Supplied information:
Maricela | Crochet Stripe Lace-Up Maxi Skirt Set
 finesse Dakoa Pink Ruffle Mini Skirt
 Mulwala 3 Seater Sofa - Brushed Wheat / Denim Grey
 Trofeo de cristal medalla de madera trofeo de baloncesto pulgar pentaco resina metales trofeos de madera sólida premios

Assignment:
For every line of the material above that contains the word "Skirt", show the line.

Your solution:
Maricela | Crochet Stripe Lace-Up Maxi Skirt Set
 finesse Dakoa Pink Ruffle Mini Skirt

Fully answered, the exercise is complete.